Every record is to be printed exactly as written, and any picture in it is skipped.

[[ Material to process open ]]

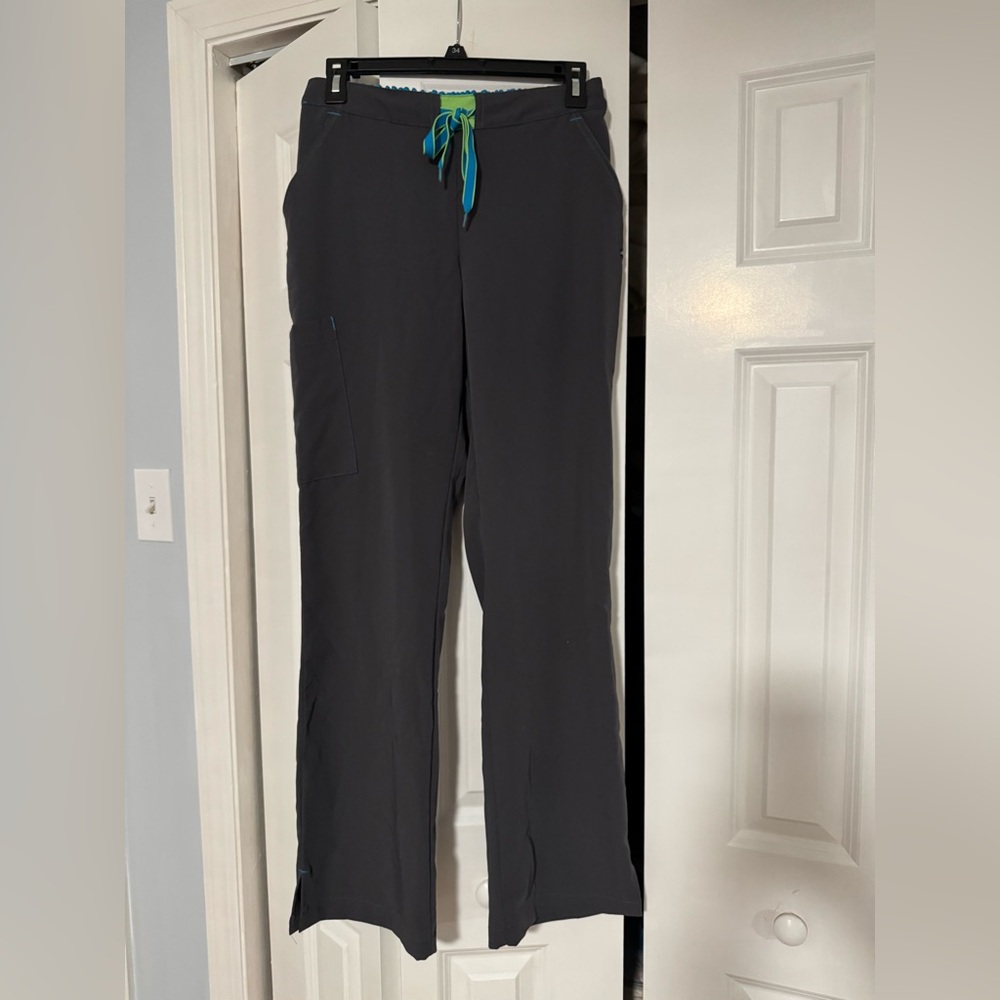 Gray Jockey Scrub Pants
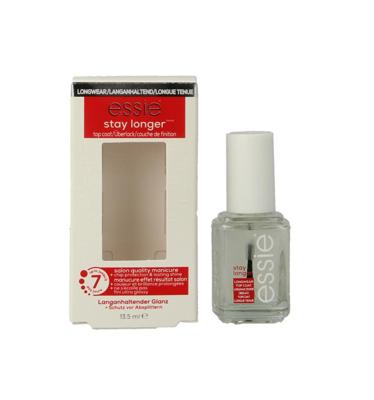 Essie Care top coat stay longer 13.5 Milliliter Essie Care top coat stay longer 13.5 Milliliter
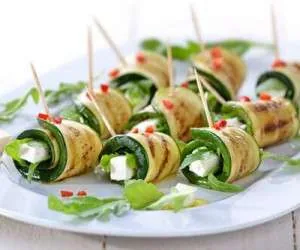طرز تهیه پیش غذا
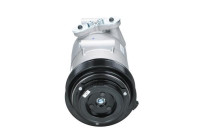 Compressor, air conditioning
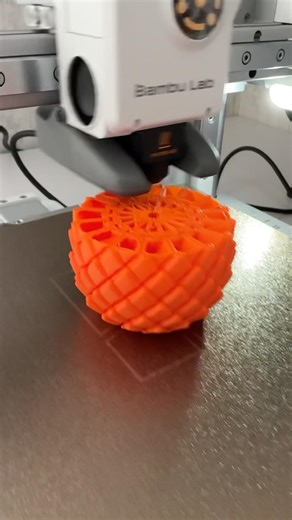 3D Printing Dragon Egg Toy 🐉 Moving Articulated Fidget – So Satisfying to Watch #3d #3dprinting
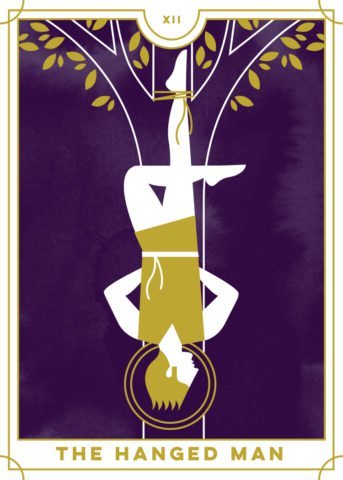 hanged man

[[ Material to process closed ]]

## Exercise output
 Gray Jockey Scrub Pants
 Essie Care top coat stay longer 13.5 Milliliter Essie Care top coat stay longer 13.5 Milliliter
طرز تهیه پیش غذا
 Compressor, air conditioning
 3D Printing Dragon Egg Toy 🐉 Moving Articulated Fidget – So Satisfying to Watch #3d #3dprinting
 hanged man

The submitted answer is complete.